## Your goal
From the material below, retype exactly the lines that begin at the line with "Onyx Pendant Light" and end after the line with "Membrete Letterhead rellena"; pictures stay out of the copy.

↓

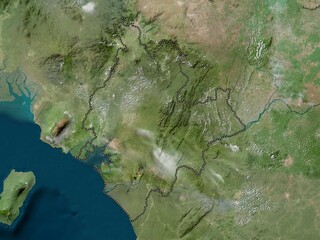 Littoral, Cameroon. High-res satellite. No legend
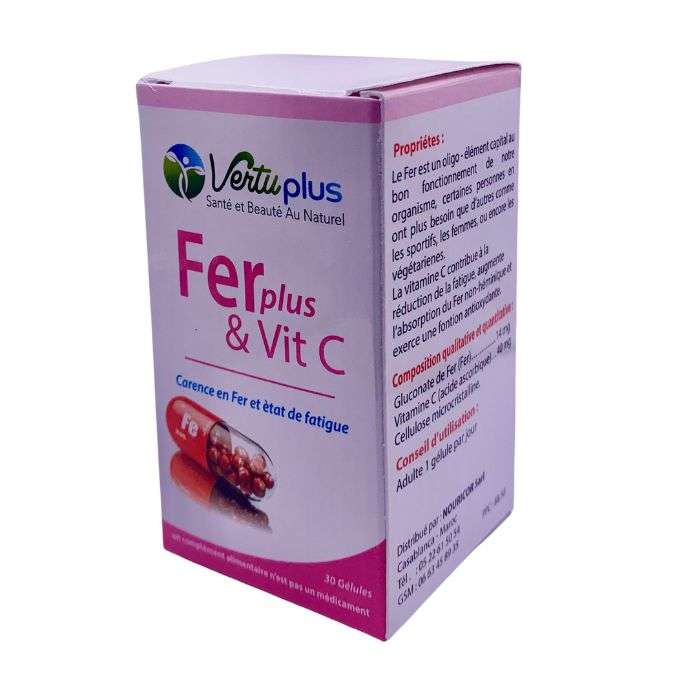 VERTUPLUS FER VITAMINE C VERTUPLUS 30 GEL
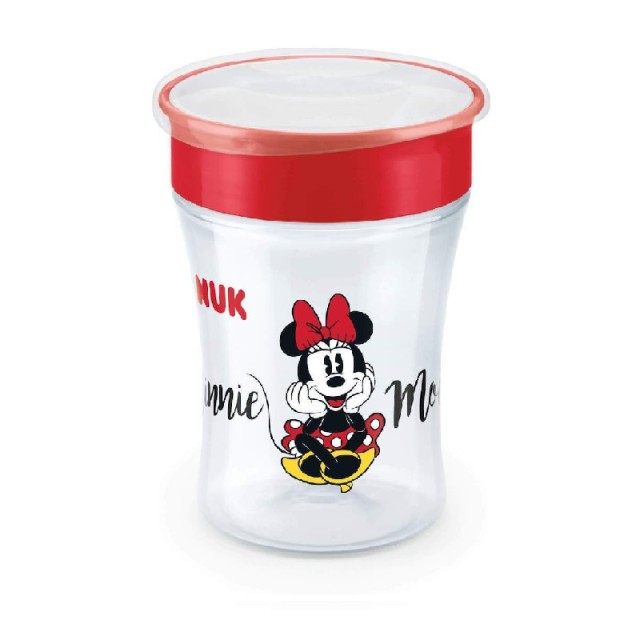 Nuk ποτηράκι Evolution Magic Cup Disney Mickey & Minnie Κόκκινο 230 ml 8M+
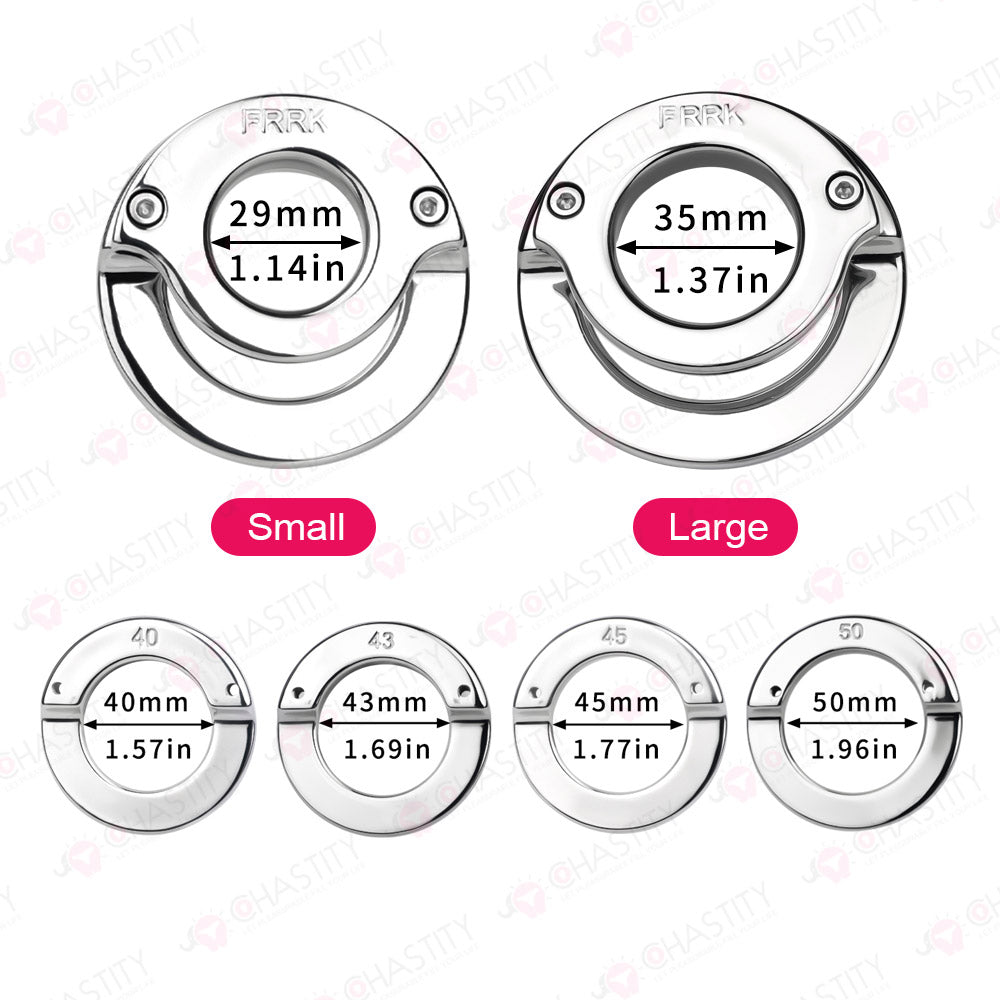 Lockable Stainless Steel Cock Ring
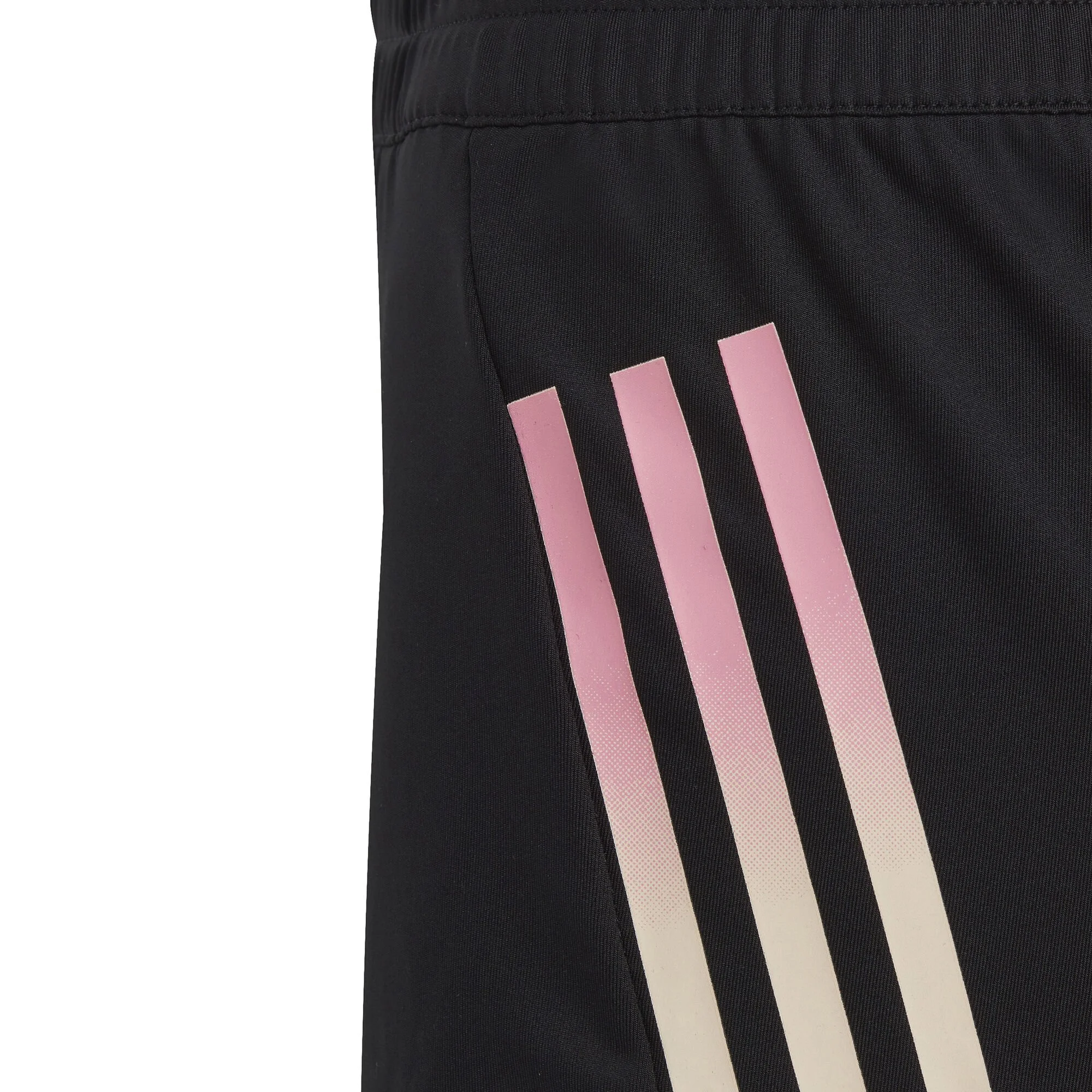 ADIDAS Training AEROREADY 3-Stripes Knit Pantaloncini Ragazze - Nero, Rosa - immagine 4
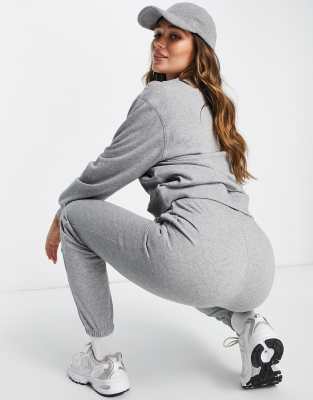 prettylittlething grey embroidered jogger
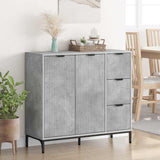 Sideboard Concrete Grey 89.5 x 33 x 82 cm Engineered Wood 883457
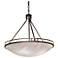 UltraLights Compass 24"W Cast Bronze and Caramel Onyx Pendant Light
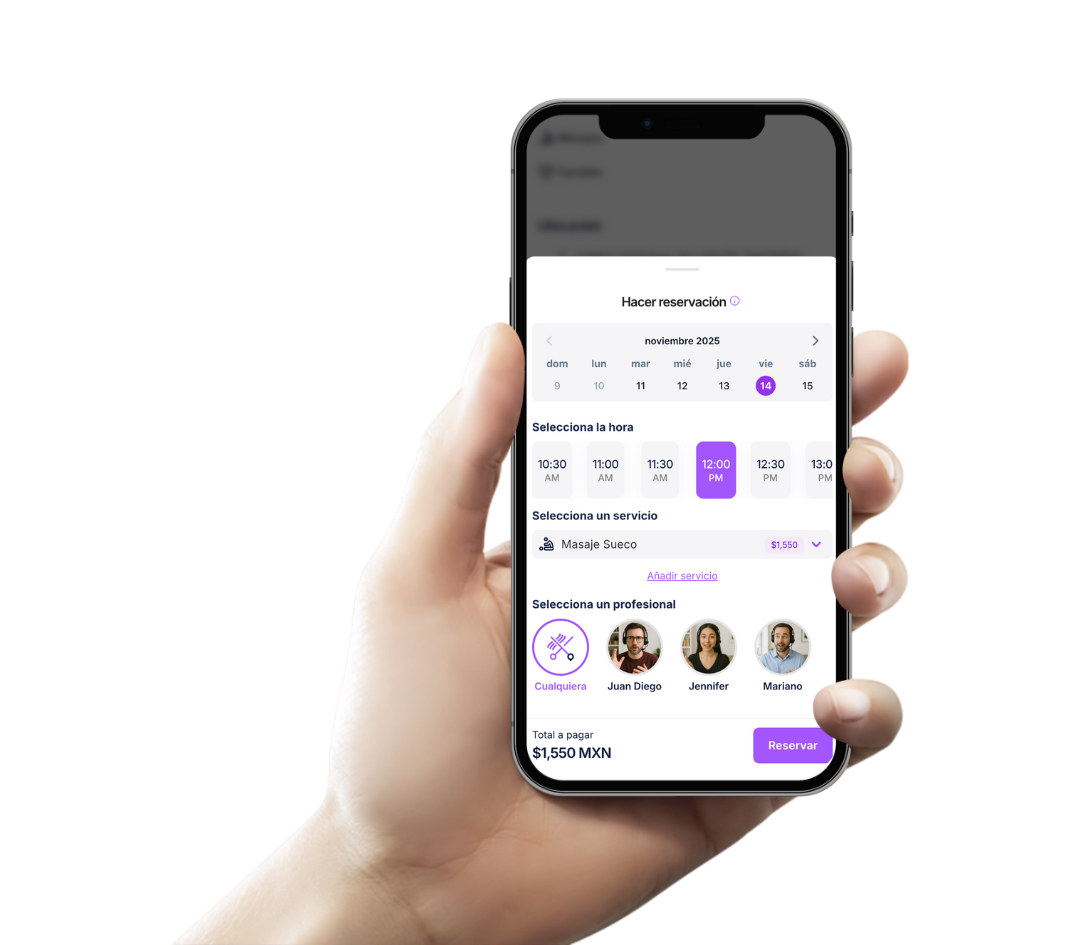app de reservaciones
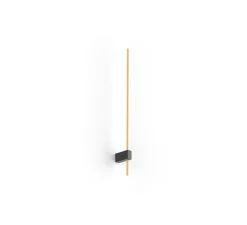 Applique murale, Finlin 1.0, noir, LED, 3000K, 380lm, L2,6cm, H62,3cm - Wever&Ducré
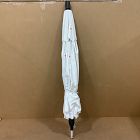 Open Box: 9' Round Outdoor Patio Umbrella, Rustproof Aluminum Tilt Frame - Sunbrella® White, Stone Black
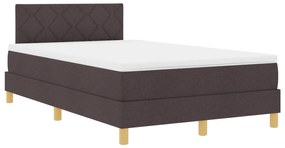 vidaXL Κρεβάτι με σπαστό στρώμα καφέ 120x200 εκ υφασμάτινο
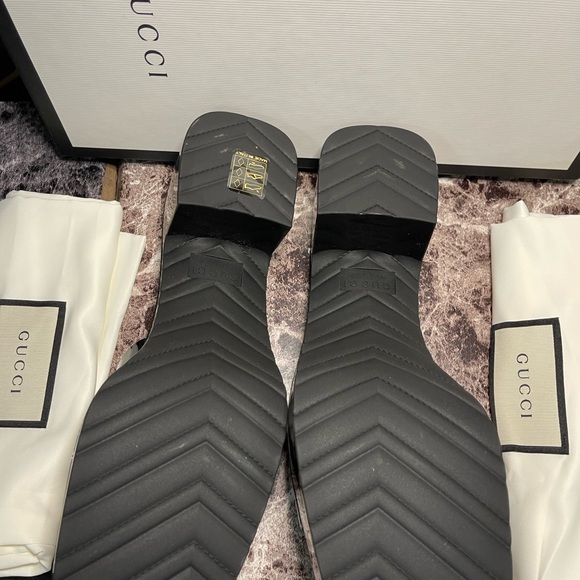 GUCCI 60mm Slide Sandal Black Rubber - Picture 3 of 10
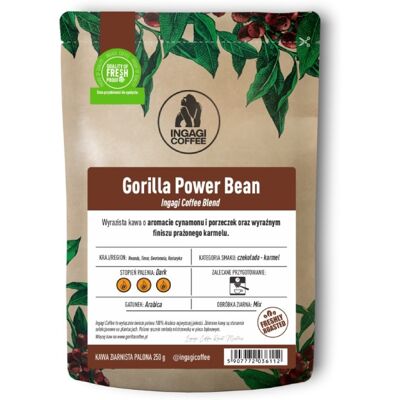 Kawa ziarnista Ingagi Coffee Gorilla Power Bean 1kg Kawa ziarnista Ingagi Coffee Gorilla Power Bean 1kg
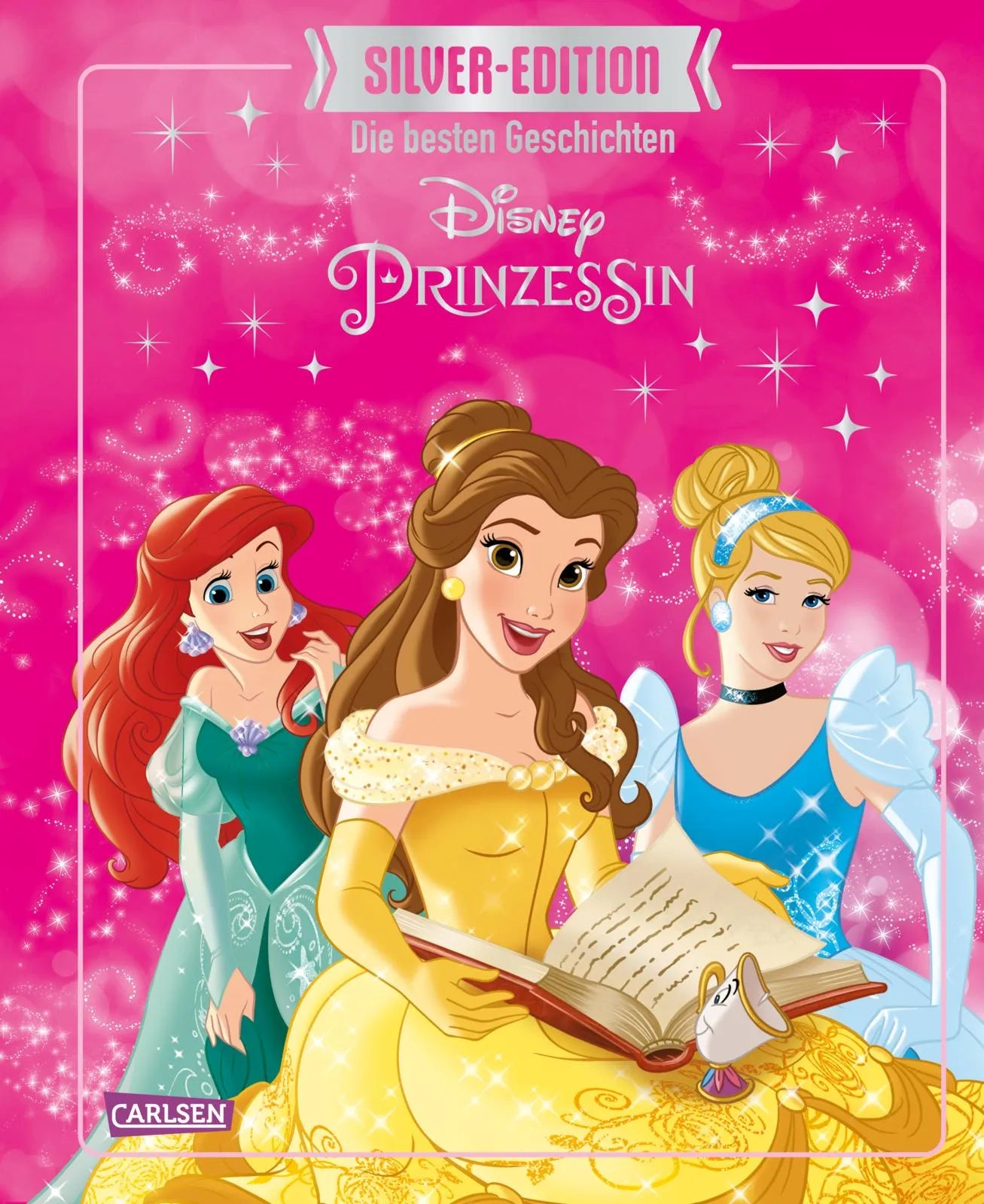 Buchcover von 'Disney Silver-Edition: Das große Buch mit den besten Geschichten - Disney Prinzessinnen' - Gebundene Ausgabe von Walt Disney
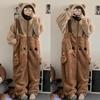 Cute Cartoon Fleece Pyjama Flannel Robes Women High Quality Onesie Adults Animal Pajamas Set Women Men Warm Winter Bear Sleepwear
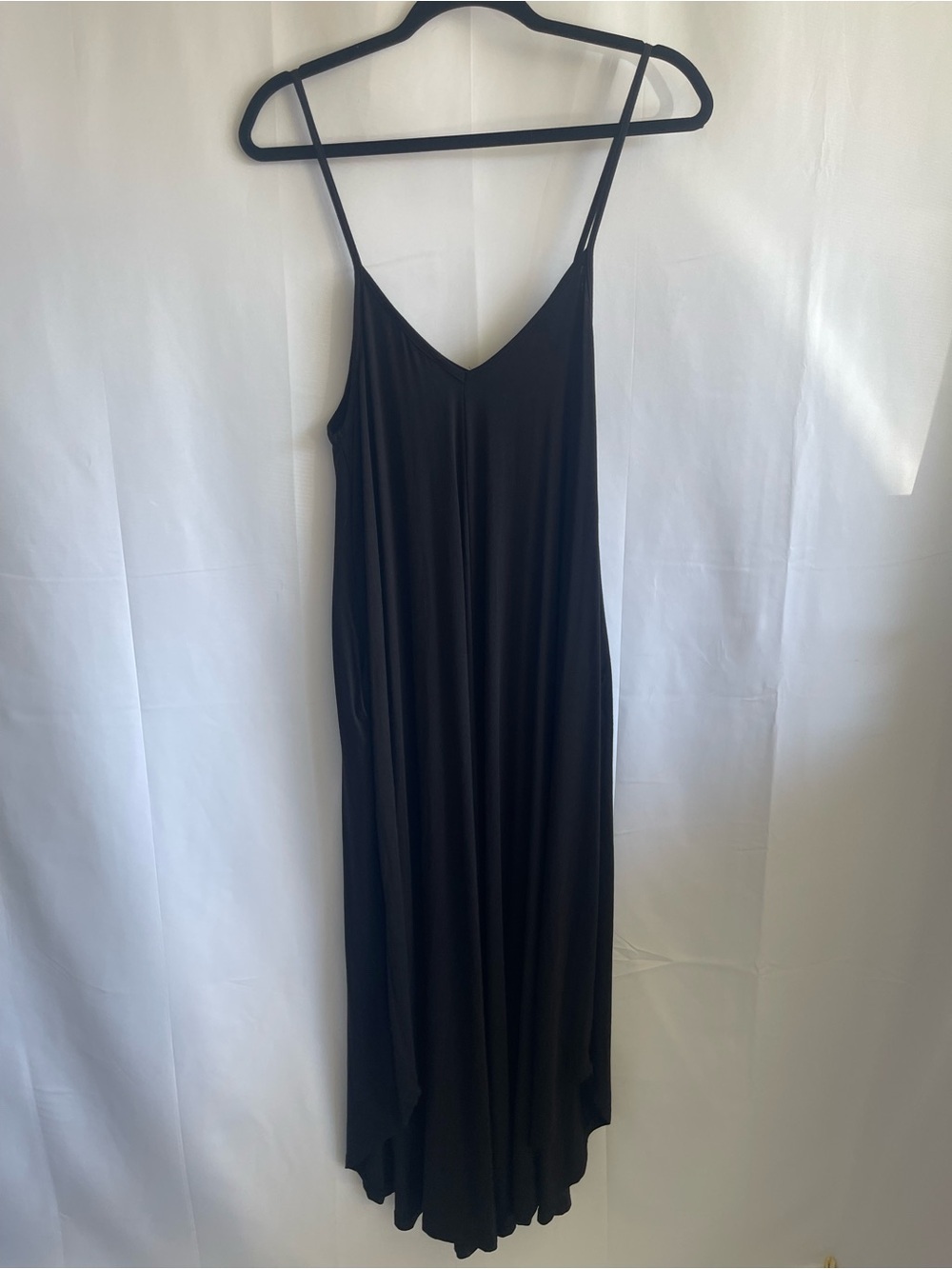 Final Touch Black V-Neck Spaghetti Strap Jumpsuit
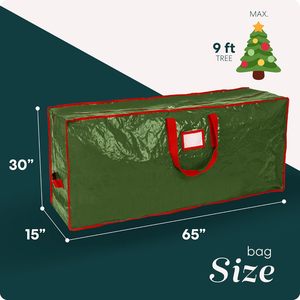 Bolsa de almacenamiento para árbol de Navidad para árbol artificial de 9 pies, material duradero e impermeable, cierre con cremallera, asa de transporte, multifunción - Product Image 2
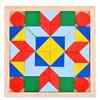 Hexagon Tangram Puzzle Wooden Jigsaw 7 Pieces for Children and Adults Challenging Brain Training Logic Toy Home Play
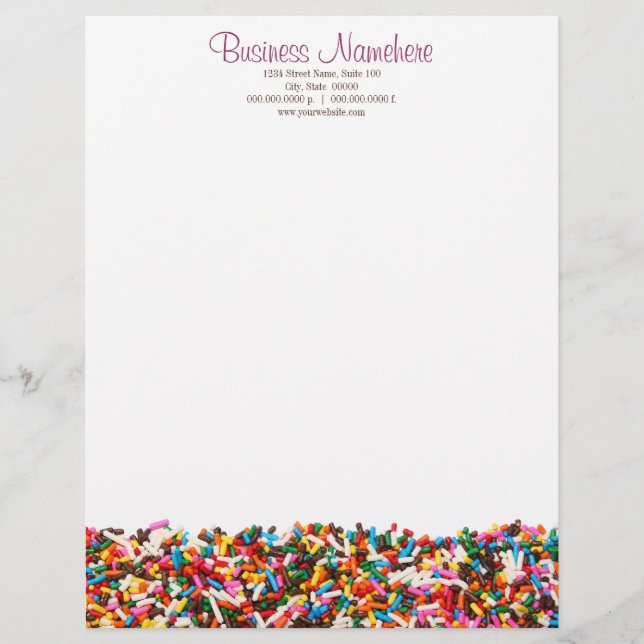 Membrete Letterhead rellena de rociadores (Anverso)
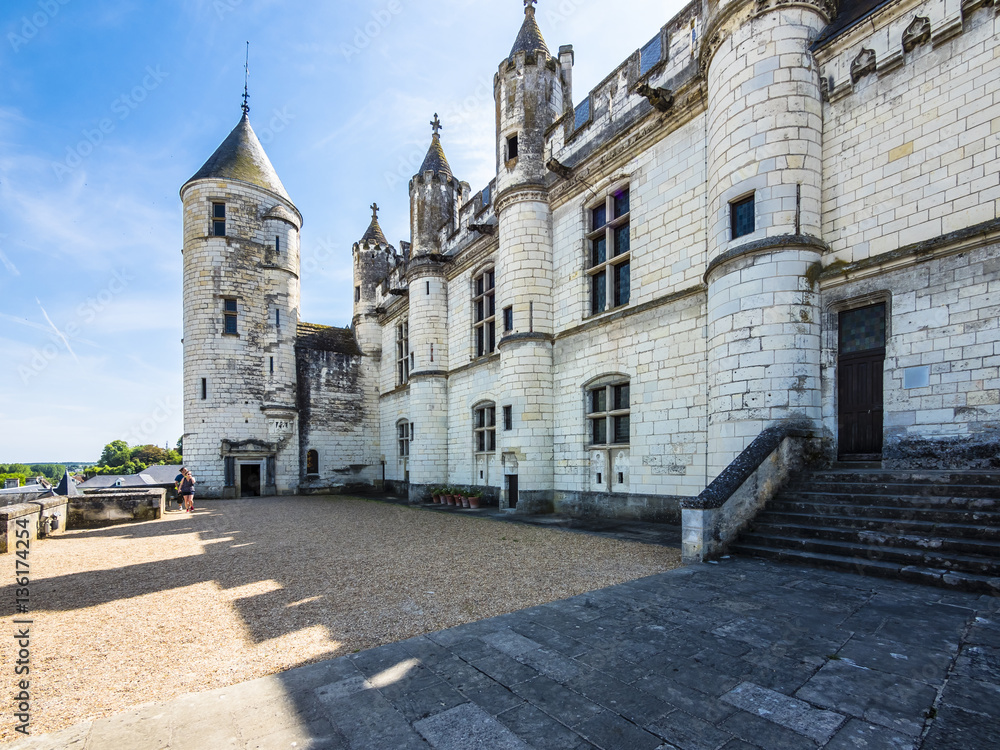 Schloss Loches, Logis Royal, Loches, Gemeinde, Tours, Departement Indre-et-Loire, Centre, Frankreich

↑

## Output
 UltraLights Compass 24"W Cast Bronze and Caramel Onyx Pendant Light
app de reservaciones
 Applique murale, Finlin 1.0, noir, LED, 3000K, 380lm, L2,6cm, H62,3cm - Wever&Ducré
 Open Box: 9' Round Outdoor Patio Umbrella, Rustproof Aluminum Tilt Frame - Sunbrella® White, Stone Black
 vidaXL Κρεβάτι με σπαστό στρώμα καφέ 120x200 εκ υφασμάτινο
 GUCCI 60mm Slide Sandal Black Rubber - Picture 3 of 10
 Kawa ziarnista Ingagi Coffee Gorilla Power Bean 1kg Kawa ziarnista Ingagi Coffee Gorilla Power Bean 1kg
 Buchcover von 'Disney Silver-Edition: Das große Buch mit den besten Geschichten - Disney Prinzessinnen' - Gebundene Ausgabe von Walt Disney
 Cute Cartoon Fleece Pyjama Flannel Robes Women High Quality Onesie Adults Animal Pajamas Set Women Men Warm Winter Bear Sleepwear
 Final Touch Black V-Neck Spaghetti Strap Jumpsuit
 Bolsa de almacenamiento para árbol de Navidad para árbol artificial de 9 pies, material duradero e impermeable, cierre con cremallera, asa de transporte, multifunción - Product Image 2
 Hexagon Tangram Puzzle Wooden Jigsaw 7 Pieces for Children and Adults Challenging Brain Training Logic Toy Home Play
 Membrete Letterhead rellena de rociadores (Anverso)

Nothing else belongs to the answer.